The album begins after the performance had begun and had gotten into full swing. “My Favorite Things,” from The Sound of Music, which Coltrane recorded in studio, and for which he is probably best known (personal observation), is bopping along already, when the track begins. The recording is good! The most prominent performer on the recording is Elvin Jones on drums. It happens to be one of the cleanest recordings of Jones’s drumming I have heard. All About Jazz’s user poll (AllAboutJazz.com), a couple of years ago, had Elvin Jones as #1 “Legacy Drummer.” He was Coltrane’s classic quartet drummer. Surprisingly to me, he appears on a 1990s album, Kenny Garrett’s African Exchange Student, along with jazz bass legend Ron Carter, who recently celebrated his 86th birthday and is still performing.
Dolphy played flute on “My Favorite Things.” On “When Lights Are Low,” he plays bass clarinet. I was surprised to find how much I enjoy jazz bass clarinet! Anthony Braxton and David Murray were monsters on it. Recently I attended a chamber music performance, and there was clarinet the likes of which I had never heard. Growling through a tenor saxophone is something I read about in Val Wilmer’s 1977 book on late-20th century avant-garde jazz, and the early 20th century piece, which I cannot remember the details of, something like “Prayer for clarinet” by a Russian composer, had the clarinetist growling through the clarinet.
Coltrane improvises at length and with splendor, on “When Lights Are Low,” on soprano sax. Jones keeps a conventional hard-bop swing going. Tyner takes a long solo. Coltrane and Dolphy come in at the end of the solo, playing different melodies, with Dolphy taking the melody and sounding a bit out of tune, and Coltrane keeping his harmonic support part slow and simple.
On “Impressions,” a driving pulse starts at the beginning of the piece, with Jones really bashing the drums. Both Dolphy and Coltrane play from the start, then Coltrane plays an extended, blazing-hot solo on soprano sax. After Coltrane’s solo, which is met with applause, Dolphy solos on bass clarinet. I think Dolphy’s and Coltrane’s styles and choices of instrumentation complement each other, especially on “Impressions.” Dolphy plays in shorter bursts than Coltrane, whose “sheets of sound” involve his seeming never to take the horn mouthpiece out of his mouth. (There’s an anecdote about a frustrated Miles Davis telling Coltrane, during a studio session, to “Take the horn out of your mouth.”)

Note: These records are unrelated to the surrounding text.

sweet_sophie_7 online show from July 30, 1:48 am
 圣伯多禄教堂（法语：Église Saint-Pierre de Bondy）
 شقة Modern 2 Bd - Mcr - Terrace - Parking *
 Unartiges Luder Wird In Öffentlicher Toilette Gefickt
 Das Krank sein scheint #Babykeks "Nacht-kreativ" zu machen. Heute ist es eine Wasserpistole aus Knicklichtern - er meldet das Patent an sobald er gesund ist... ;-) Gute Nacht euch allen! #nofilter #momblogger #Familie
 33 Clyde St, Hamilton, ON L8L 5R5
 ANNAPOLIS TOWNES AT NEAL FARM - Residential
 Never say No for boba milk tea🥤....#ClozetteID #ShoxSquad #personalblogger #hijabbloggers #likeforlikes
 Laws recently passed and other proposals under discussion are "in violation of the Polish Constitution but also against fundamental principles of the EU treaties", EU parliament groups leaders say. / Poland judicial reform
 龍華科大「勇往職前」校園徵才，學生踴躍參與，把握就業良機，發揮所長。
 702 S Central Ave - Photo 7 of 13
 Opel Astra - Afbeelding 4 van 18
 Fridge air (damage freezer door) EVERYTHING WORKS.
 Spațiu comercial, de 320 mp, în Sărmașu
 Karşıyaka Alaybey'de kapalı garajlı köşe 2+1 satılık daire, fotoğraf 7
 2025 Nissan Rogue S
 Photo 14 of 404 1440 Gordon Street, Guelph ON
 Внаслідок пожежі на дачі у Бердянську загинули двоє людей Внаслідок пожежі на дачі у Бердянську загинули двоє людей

Throughout the recording, the bass is in the background. It is faint. I try to imagine what a more balanced presentation of the ensemble might sound like. This album is a chance artifact. I take it for what it is, even as I try to imagine what a more deliberate live recording might have resulted in. Jazz drums being one of my favorite instrument choices, the prominence of Jones’s drums, and the overall balance of performers—except for the bassists—satisfies me. There is some liveness even with a single microphone. I hear audience sounds between notes. There is a sense of hubbub, noticeable on track four, “Greensleeves.” Hearing an album such as this one, I think of all the great performances I missed out on and will miss out on. I’m probably missing one at this moment. I am thankful for the ability to commit performances to tape or newer media. I am thankful that I live a life where I have the leisure and peace and quiet, to listen to jazz at home, in my living room. I am thankful for the composers, engineers, producers, performers, their families and friends who support(ed) them, and everyone else without whom recordings such as Evenings at the Village Gate would not appear in my music listening. Thank you all. And to those reading this, happy listening!